The Douglas County School District is marketing a software system it has developed to carry out pay-for-performance and other controversial education reforms, a move its critics say confirms that the district’s free-market majority seeks to spread its methods for “reinventing American education” well beyond its boundaries.
The district, in what it describes as a pilot project, already has sold licensing rights to the software to Mile High Academy, a Christian school in Highlands Ranch. The sale, like the pilot project itself, took place out of the public eye, and is now raising questions about the legality of a public school district launching a for-profit business.
“The cost of making this scalable to other entities must be enormous,” says Jenny Robertson, a former Douglas County parent who works in software development. “DCSD is not a software company. Taxpayers are not willing investors in the development of a commercial software product.”
Known as “InspirED Innovation,” the software is an integrated suite of web-based software tools “for instructional planning, certified staff evaluation, professional development, student learning objective tracking, and twice annual elementary progress reporting,” according to the district’s website.
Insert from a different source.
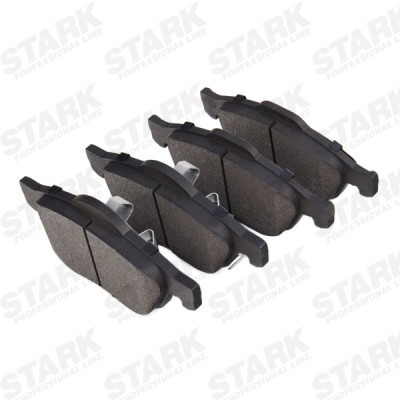 Klocki hamulcowe Stark SKBP-0011239 SKBP-0011239 - foto 4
While the fact that the district has been developing the software to meet the mandates of state law long has been known — and debated — confirmation that it has its eye on the commercial market came at an Aug. 2 school board meeting. During that meeting, school board member Wendy Vogel repeatedly pushed administration officials for answers about how much it cost the district to develop the software and whether it intends to sell it.
District leadership has dodged questions from parents and other community members about the software, but last week said its development cost about $5.6 million — a price tag watchdogs who have followed a paper trail of expenses say is roughly one-third of their own estimates.
Whatever the amount, critics question the expense. Five years ago, Douglas County voters rejected a tax proposal that sought to pay for such tech project.
“What we have is a district in turmoil that has been diverting millions of dollars from educating our children into a product we know nothing about,” says Anne-Marie Lemieux, one of the newly-elected Douglas County School Board members who for months has been raising questions about the software project.
Gautam Sethi, the district’s chief technology officer, told The Colorado Independent in an email that the goal of the pilot project with Mile High Academy was essentially to conduct a cost-benefit analysis “to see if it is a viable endeavor for DCSD to generate revenue by allowing other schools/districts to use InspirED for meeting their critical needs.”
“What we have been able to validate with the pilot is that we can potentially generate additional revenue to meet district budget needs, if pursued with energy,” Sethi wrote. “The future of this endeavor is dependent on the interest or desire of the Board of Education and district leadership to pursue this further.”
Douglas County is made up largely of affluent bedroom communities south of Denver. Its once highly regarded school system has, over the past six years, become a laboratory for a national movement to overhaul public education.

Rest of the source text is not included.